Start of Block
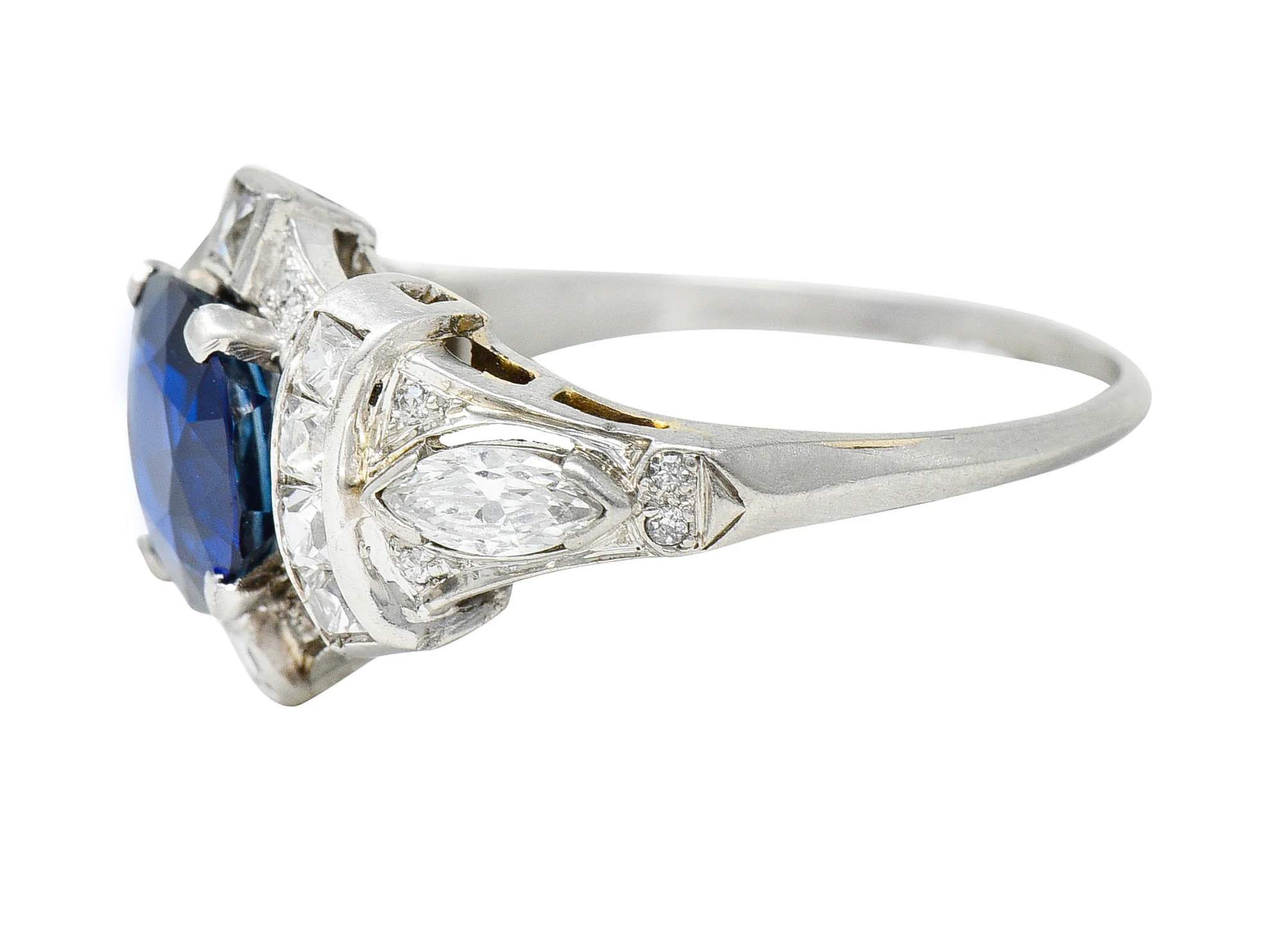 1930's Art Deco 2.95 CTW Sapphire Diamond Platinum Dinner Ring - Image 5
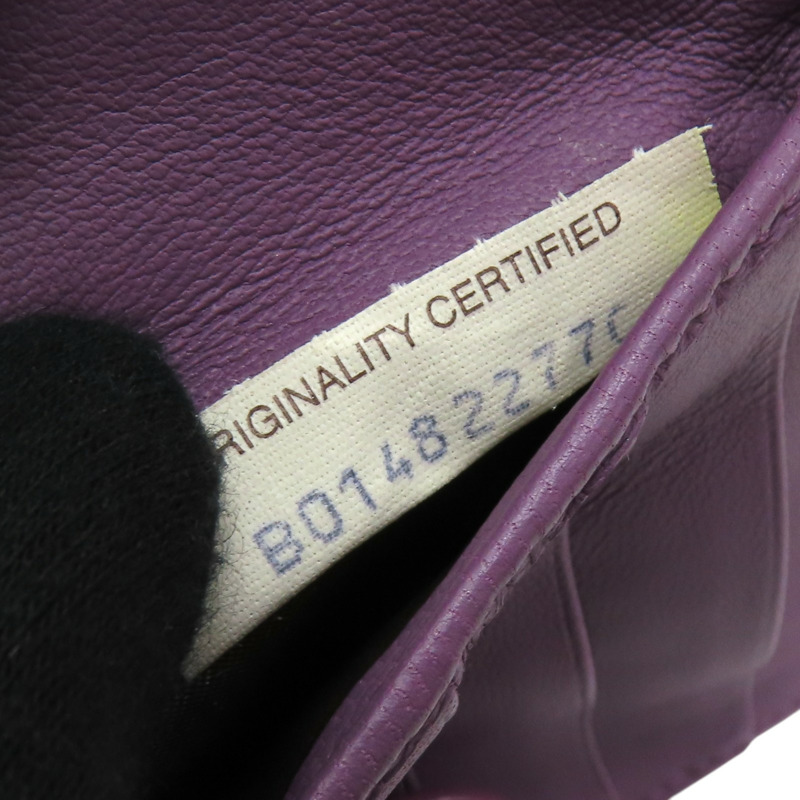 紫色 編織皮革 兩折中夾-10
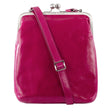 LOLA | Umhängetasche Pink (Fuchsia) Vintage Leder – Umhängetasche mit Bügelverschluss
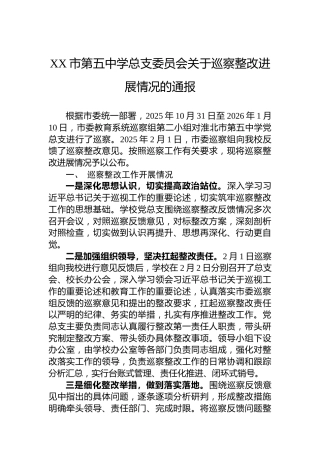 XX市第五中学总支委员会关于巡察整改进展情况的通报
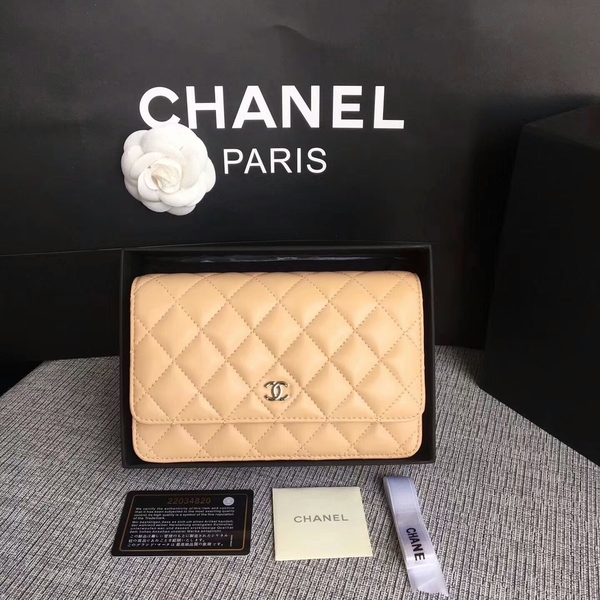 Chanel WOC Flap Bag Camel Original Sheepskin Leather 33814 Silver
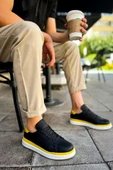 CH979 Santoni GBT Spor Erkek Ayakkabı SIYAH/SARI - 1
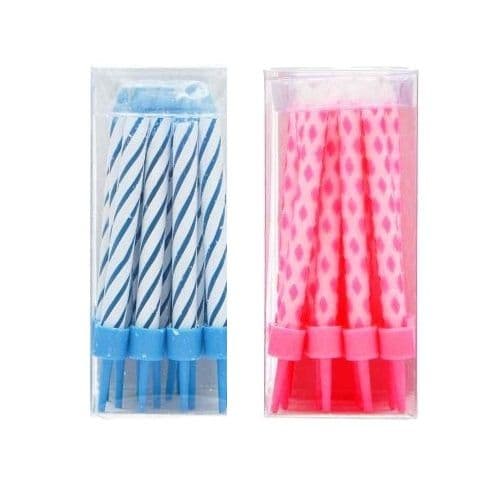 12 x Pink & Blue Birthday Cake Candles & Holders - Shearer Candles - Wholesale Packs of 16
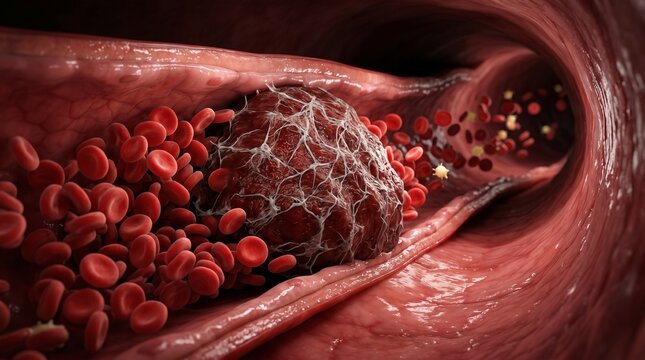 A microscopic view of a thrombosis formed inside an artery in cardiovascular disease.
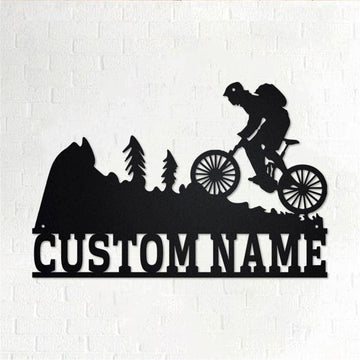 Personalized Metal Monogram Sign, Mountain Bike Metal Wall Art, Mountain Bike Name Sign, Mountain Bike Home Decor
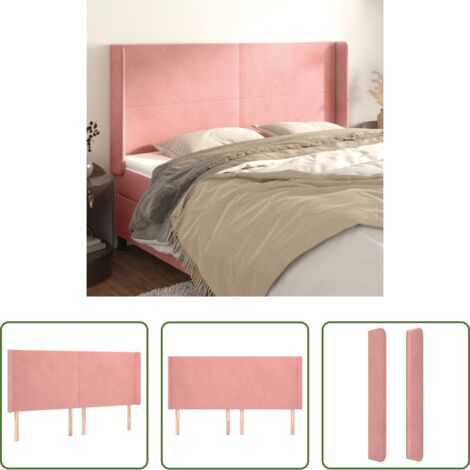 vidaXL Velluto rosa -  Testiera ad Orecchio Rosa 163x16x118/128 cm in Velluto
End of Block
Start of Block
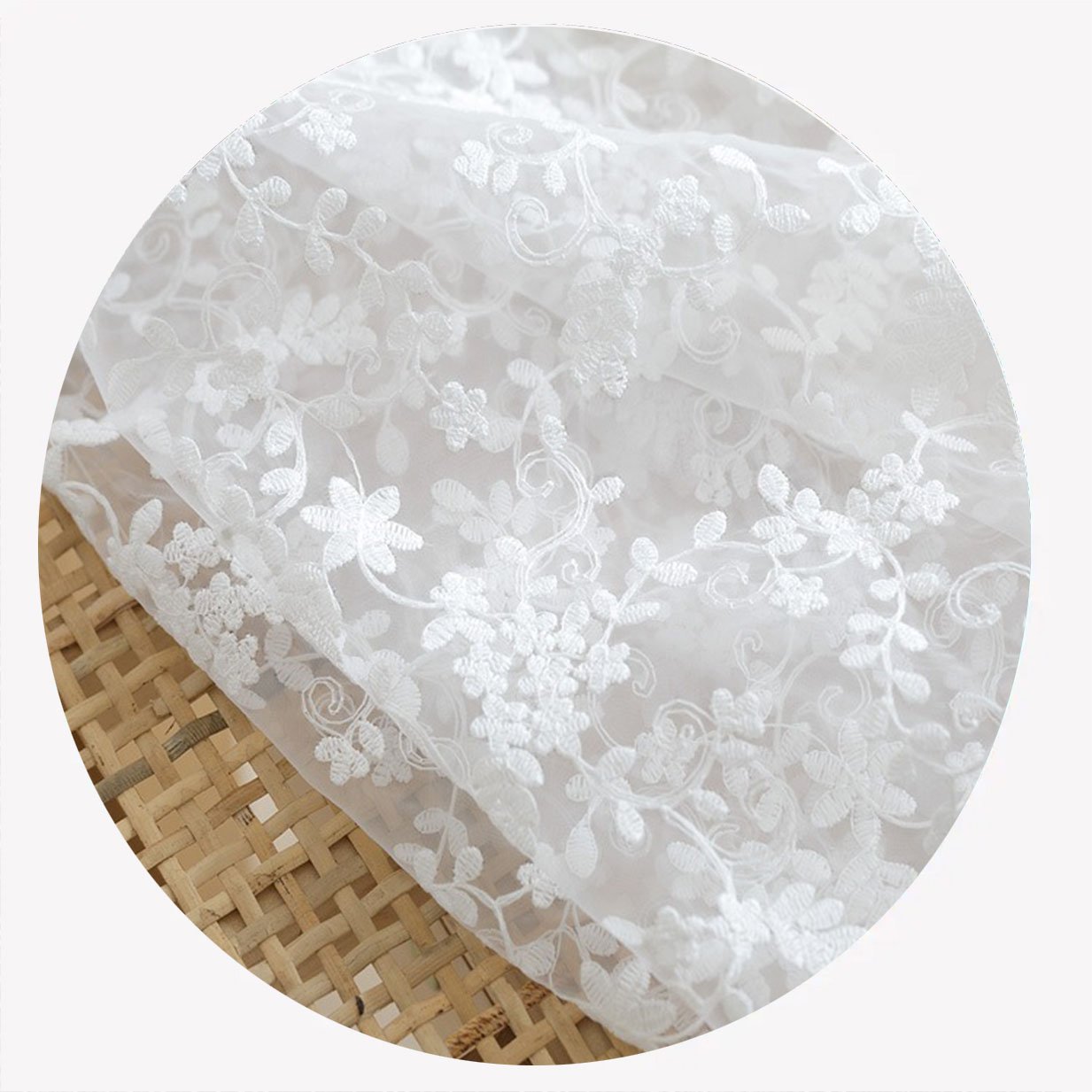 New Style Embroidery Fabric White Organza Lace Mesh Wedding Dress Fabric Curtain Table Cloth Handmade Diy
End of Block
Start of Block
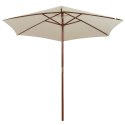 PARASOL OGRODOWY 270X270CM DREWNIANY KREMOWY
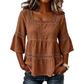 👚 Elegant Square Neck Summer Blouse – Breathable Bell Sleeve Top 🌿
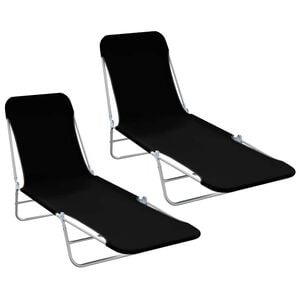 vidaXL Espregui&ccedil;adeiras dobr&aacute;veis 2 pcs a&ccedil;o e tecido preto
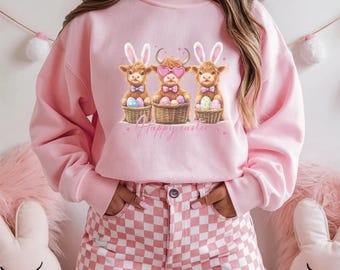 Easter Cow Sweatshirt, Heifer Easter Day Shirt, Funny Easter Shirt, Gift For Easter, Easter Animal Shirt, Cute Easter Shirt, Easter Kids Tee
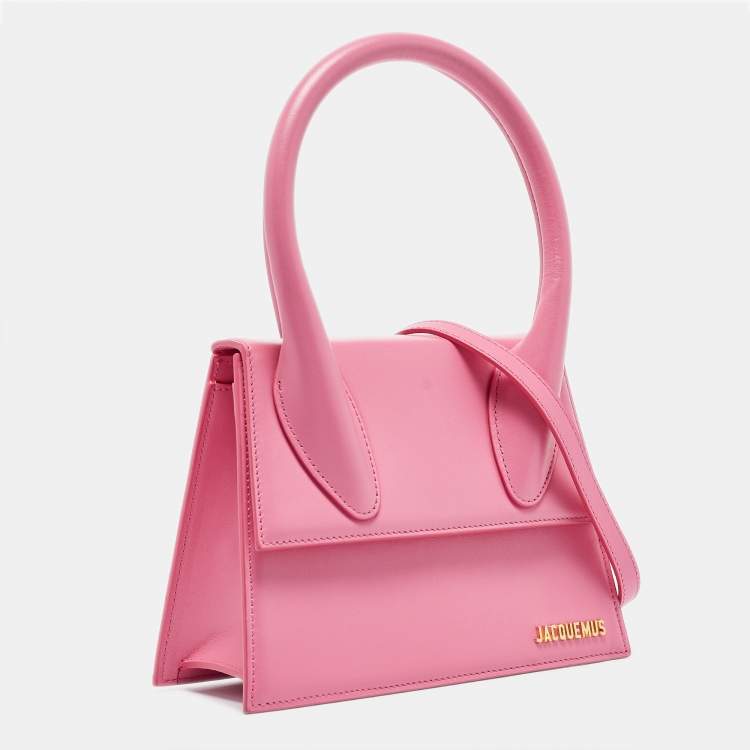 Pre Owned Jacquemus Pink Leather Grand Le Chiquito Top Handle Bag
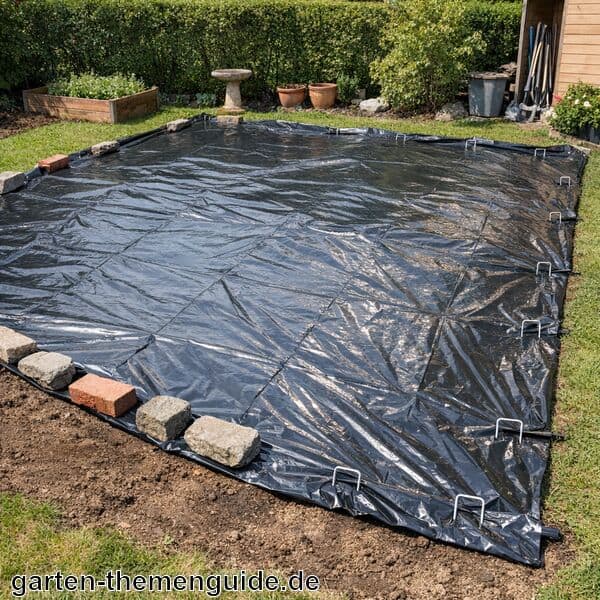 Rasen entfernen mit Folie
End of Block
§ What needs to be done:
In the listing above, find the line with "Personalized Metal Monogram" and the line with "vidaXL Velluto rosa". Set down both and every line between them, minus the pictures.

§ Response area:
 Personalized Metal Monogram Sign, Mountain Bike Metal Wall Art, Mountain Bike Name Sign, Mountain Bike Home Decor
 vidaXL Velluto rosa -  Testiera ad Orecchio Rosa 163x16x118/128 cm in Velluto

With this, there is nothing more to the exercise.